Sim, leitor, eu durmo bem. Sete horas por noite com um intervalo de uma hora, por volta das três da madrugada, quando aproveito para ir ao banheiro e preparo o café da manhã. Nessa hora de vigília, geralmente avanço algumas posições do livro que estou lendo no meu e-book. Neste dispositivo digital não existem páginas, mas somente posições; a quantidade total de posições do livro depende do tamanho das letras escolhido. Os mais velhos adoram esse tipo de ajuste que o livro-papel não oferece. Ao fim da leitura, uma xicrinha de café é indispensável e, no meu caso, estimula sonhos agradáveis.
Pois bem, numa noite recente essa rotina foi rompida por um fato inusitado. Um “i” – um simples “i” – provocou um período de insônia nas minhas noites bem dormidas. Eu me explico.
No dia anterior encaminhei para a revisora as últimas correções do livro que escrevi e que já está na gráfica para a impressão. Uma ótima revisora, diga-se de passagem. Mas, como todo mundo, tem as suas distrações. Ela fez as correções no texto diagramado, mas esqueceu-se de apenas uma: um “i” no nome Luísa que ficou grafado como Lusa. Nada muito grave uma vez que se trata do nome de um parque e a referida Luísa já se foi há muitos anos. Reconheço que a ausência do “i” seria gravíssima se a personagem fosse a mulher amada, mas não era o caso.
Perguntei à revisora se não era possível corrigir o erro na matriz gráfica e ela me respondeu que sim, mas à custa de mais atraso no cronograma de entrega, o que me fez desistir da ideia e sustentar o erro diante do meu público de uns cinco leitores obsessivos que notam esses detalhes. Não se preocupe, disse ela, a falha não é num elemento estrutural do texto (seja lá o que signifique esse adjetivo).

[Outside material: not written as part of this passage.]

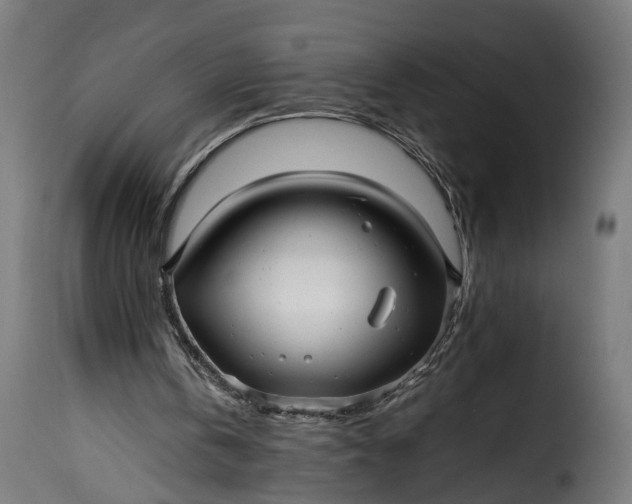 X0000115640146200911241719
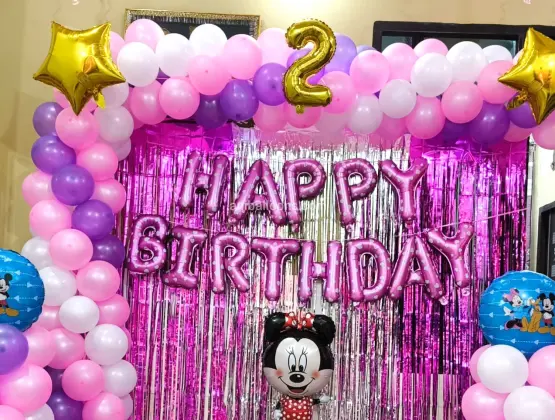 Minnie Mouse Cartoon Setup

Diante dessa explicação técnica, dormi com a consciência tranquila. No entanto, a falta do “i” me roubou um bom tempo de sono naquela noite. Inquieto, rolei de um lado para o outro na cama, sem me conformar com o acontecido. Tentei limpar a cabeça com o método de contar as aspirações sem nenhum resultado. O “i” faltante me dominava por completo.
Levantei e raciocinei: havia milhares de palavras no livro, quase todas escritas de maneira correta; que importância tinha um só errinho e, ainda por cima, numa letra tão raquítica quanto um “i”? Se ainda fosse um “a” ou um “o”, mais robustos… Deitei de novo tendo a racionalidade como colchão e, ainda assim, nada de sono.

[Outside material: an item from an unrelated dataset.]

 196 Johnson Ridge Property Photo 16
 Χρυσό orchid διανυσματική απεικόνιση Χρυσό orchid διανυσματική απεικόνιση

Amanheceu e só então o “i” foi apagado de minha cabeça. Apagado? Melhor seria dizer que foi abafado pelas mil preocupações do cotidiano. Quem sabe um dia ainda volta nas palavras de um leitor malvado que, na hora da sobremesa, aponta o descuido da revisão, a falta do “i” que transformou Luísa em Lusa?
Fato é que conhecemos muito pouco sobre o nosso cérebro, capaz de grandes ideias e do suplício de uma noite mal dormida por causa do “i” faltante.